Le Ness plus ultra
Serge Truffaut
March 12
Cela ne s'invente
pas. Gouverneur de l'État
de New York, Spitzer a Eliot pour prénom.
Le même que l'autre, le Ness, le saint patron des incorruptibles
qui pourchassent les truands,
les cols blancs comme les
cols bleus. C'est d'ailleurs
en faisant la vie dure aux voyous portant les cravates à la mode sur les parquets de la Bourse qu'il
s'était taillé une réputation de «nouveau
incorruptible», voire de «croisé
infatigable», pour reprendre
les surnoms dont les médias l'avaient affublé lors des scandales WorldCom, Tyco, Enron et d'autres
qu'on oublie. Lui-même s'était autoproclamé «le shérif de Wall
Street».
Ce vernis construit
à la force du poignet sur un paravent de probité morale s'est liquéfié en moins de deux au terme de l'acte de contrition de l'ex-procureur général de l'État de New York. Ce shérif a avoué
avoir payé le prix fort
pour une histoire de bagatelle. En clair, il a déboursé
plus de 4000 $ pour consommer les faveurs
d'une péripatéticienne évoluant dans les hôtels chic de la capitale. CQFD:
ce réseau de proxénètes proposait des services
de call-girls dites de haut vol,
aux politiciens en particulier.
En dehors
de tout jugement moral, cette
histoire a ceci de particulièrement
affligeant qu'elle plombe sérieusement le travail que poursuivent l'actuel procureur général et ses collaborateurs. On pense notamment aux enquêtes amorcées alors que Spitzer était encore le
patron des justiciers. Chose certaine,
lorsque la nouvelle est tombée sur les fils de presse, les courtiers de
Wall Street... ont applaudi!
Car l'homme,
lorsqu'il pourchassait les escrocs millionnaires, avait opté pour une stratégie «d'agressivité», c'est son mot, de
tous les instants. Il avait
la dent si dure et des méthodes parfois si brutales que
des gens de son camp disent
aujourd'hui avoir estimé Spitzer imprudent ou irresponsable. Cette inclination,
ou plutôt cette certitude qu'il avait d'être sûr de son fait constamment l'avait amené à démolir
sans preuve les individus
qui évoluaient sur son
radar de procureur. Un exemple?
Il avait fait courir et alimenter la rumeur que la secrétaire de Richard
Grasso, ex-président de la Bourse de New York, était sa maîtresse.

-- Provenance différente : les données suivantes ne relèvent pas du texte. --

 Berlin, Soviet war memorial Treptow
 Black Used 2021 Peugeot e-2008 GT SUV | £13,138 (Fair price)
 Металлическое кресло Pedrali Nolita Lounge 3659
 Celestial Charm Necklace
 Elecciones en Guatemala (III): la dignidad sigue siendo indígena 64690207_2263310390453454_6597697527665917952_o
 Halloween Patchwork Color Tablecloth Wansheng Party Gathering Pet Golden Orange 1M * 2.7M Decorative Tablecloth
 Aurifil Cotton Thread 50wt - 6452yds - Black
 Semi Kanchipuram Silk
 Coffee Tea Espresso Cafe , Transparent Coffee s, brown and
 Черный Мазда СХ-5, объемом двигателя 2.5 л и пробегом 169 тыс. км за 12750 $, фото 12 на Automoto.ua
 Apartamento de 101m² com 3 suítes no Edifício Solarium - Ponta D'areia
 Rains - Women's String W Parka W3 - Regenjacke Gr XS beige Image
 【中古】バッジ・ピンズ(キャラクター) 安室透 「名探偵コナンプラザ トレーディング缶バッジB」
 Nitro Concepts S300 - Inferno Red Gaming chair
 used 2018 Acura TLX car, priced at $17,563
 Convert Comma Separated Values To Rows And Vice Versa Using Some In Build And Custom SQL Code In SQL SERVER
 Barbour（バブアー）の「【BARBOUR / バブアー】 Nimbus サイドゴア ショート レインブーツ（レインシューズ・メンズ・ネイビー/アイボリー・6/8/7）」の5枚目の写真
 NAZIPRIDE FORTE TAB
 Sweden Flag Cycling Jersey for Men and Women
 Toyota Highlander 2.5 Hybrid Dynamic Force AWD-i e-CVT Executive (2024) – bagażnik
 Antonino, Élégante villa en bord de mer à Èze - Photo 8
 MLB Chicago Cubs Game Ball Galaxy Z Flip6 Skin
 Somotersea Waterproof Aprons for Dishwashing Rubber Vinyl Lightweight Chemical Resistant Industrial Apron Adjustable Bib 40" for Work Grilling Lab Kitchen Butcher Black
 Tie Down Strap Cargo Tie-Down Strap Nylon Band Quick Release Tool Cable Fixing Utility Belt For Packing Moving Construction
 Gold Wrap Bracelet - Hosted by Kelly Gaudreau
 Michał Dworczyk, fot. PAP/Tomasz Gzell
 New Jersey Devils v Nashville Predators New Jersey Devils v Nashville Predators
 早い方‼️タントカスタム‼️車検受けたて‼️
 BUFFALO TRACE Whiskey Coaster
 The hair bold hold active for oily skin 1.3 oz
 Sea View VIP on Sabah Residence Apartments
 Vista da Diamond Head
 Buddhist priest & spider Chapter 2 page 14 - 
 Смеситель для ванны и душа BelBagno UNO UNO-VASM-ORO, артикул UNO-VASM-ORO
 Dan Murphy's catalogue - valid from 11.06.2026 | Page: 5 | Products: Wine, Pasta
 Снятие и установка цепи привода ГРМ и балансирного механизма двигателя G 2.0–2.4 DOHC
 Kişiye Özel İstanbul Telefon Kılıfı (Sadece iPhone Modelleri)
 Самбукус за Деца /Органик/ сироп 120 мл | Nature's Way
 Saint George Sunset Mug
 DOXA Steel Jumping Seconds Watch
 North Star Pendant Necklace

Bref, il brandissait la petite mort, même supposée, pour réduire la réputation d'autrui à un bouillon saumâtre.
Comme c'est toujours
le cas avec les dérives du coeur des politiciens,
le public a eu droit à un rituel de repentance, pour reprendre un titre du Washington Post. Et, comme d'habitude, le tout a été mis en scène et administré par ces experts en sophismes divers que sont les relationnistes. En clair, on a une fois encore obligé madame à être
présente, on a glissé dans la bouche de monsieur les mots clés. Les mots qu'il doit
absolument employer par calcul
et non pas nécessairement par sincérité.
Et ce, pour que cet exercice soit
pris en considération lorsque le temps de la peine viendra. À l'instar des précédents, ce spectacle était consternant.